登美の丘ワイナリーに来場されるお客様とお話していると、「さすがにサントリーさんらしく、“登美の丘”って、いい名前をつけましたね」と言っていただけることが、よくあります。
2001年4月に「サントリー山梨ワイナリー」から「サントリー登美の丘ワイナリー」に名称変更しましたが、その時に担当者がひねり出したネーミングかのように思われる方もおられます。
確かに、出来過ぎた名前かも知れません。
でも、決してサントリーが勝手に名づけたネーミングなのではなく、この土地は「登美村」と呼ばれ、この地の名前だったのです。
担当者は「山梨」という非常に大きなくくりではなく、ワインづくりに取り組むこの土地にもっとスポットを当てて表現したワイナリーの名前にしたいと考えたに過ぎません。
なので、登美の丘ワイナリーの周辺には、登美村だった頃をしのばせる形跡が見られます。ワイナリーに最も近い派出所の名前は「登美駐在所」です。駐在さんが明治の頃からこの地の人々の生活をまもってくれていたのでしょう。
また、甲府駅の北側の甲府城(舞鶴城)の山手御門から西に伸びる「山手通り」は韮崎にむけての幹線道路ですが、そのバスの停留所には、ワイナリーに近づくにつれて「登美仲宿」「登美上宿」「登美」という名前が続きます。

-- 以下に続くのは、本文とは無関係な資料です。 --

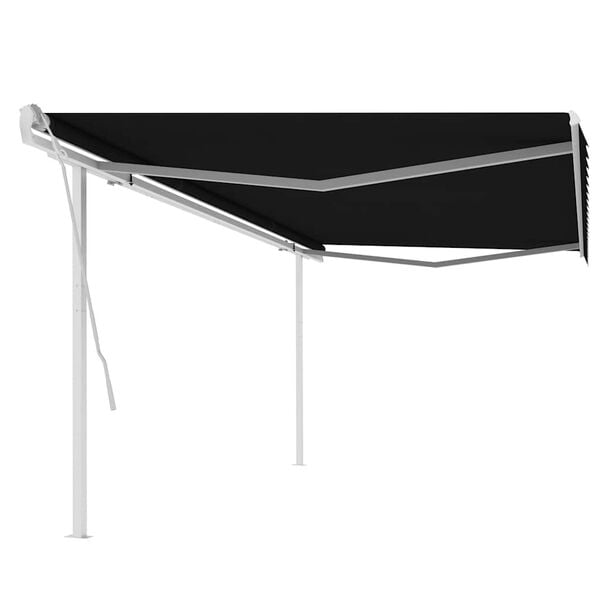 vidaXL Manual Retractable Awning with Posts 5x3 m Anthracite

ちょっと離れますが、「登美団地」という交差点もあります。
明治8年、もともとこの地域の竜地村・大垈村・団子新居村・菖蒲沢村という村々が寄り合い、その新しい村の名前をつけようとした際に、富士が見える景観から「富士見村」にしたいと申請したそうですが、その時には既に、今の笛吹市の石和近くの村が「富士見村」という名前で先に登録してしまっていたがために申請は却下され、村人たちがもう一度、この自分たちの新しい村の名前を考えて「登美」という名前にしたとのことです。(上野晴朗著「日本ワイン文化の源流」より)

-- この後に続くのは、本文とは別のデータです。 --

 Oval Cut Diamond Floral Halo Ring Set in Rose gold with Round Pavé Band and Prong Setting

ここが大きな歴史的なポイントだったのではないでしょうか。
あっさりと「富士見村」という名前で登録されていたら、きっと「登美」という、この土地を表す素晴らしい名前は生まれなかったのではないかと思います。
この「登美」という名前を考えた当時の方に感謝したい気持ちでいっぱいです。
そして、この登美村の小高い丘陵地を1909年に入手した小山新助が、日本でのぶどうづくり・ワインづくりを目指して「小山開墾事務所」を開設し、ドイツからワイン技師ハインリッヒ・ハム氏を招聘した頃、その当時の残された写真にも、確かに3行目に「Tomimura(Japan)」という表記が見られます。

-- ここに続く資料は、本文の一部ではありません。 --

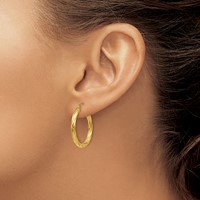 14K Yellow Gold Polished 3.25mm Twisted Hoop Earrings view 3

1958年の頃の「寿屋山梨農場」から撮影された甲府盆地の風景を見ると、非常にのどかな田園風景が広がっています。「登美」という名前にふさわしく、ひときわ高く美しい富士山が凛々しくそびえている姿を見て、傾斜のきついこの丘陵地を歩いて登ってきた人々の疲れを癒したという話も聞いた事があります。
2016年の「サントリー登美の丘ワイナリー」からの景観は、甲府盆地の隆盛の変化を物語っていますが、雄大な富士や山々は昔も今も変わりません。
ぶどうづくり・ワインづくりのスタイルも変わってきていますが、この地で美味しいワインをつくりたいという情熱は今も変わりません。
1909年の開設以来、ここ登美の丘で脈々と受け継いできたぶどうづくり・ワインづくりの取り組みを、この土地の自然に由来するこの土地の個性を、「登美の丘」という名前のワインに集約させました。
登って美しい丘と書いて「登美の丘」。
南に富士を仰ぎ、甲府盆地を一望する、日照に恵まれたこの美しい丘の名に恥じないワインづくりに我々はこれからも取り組んでまいります。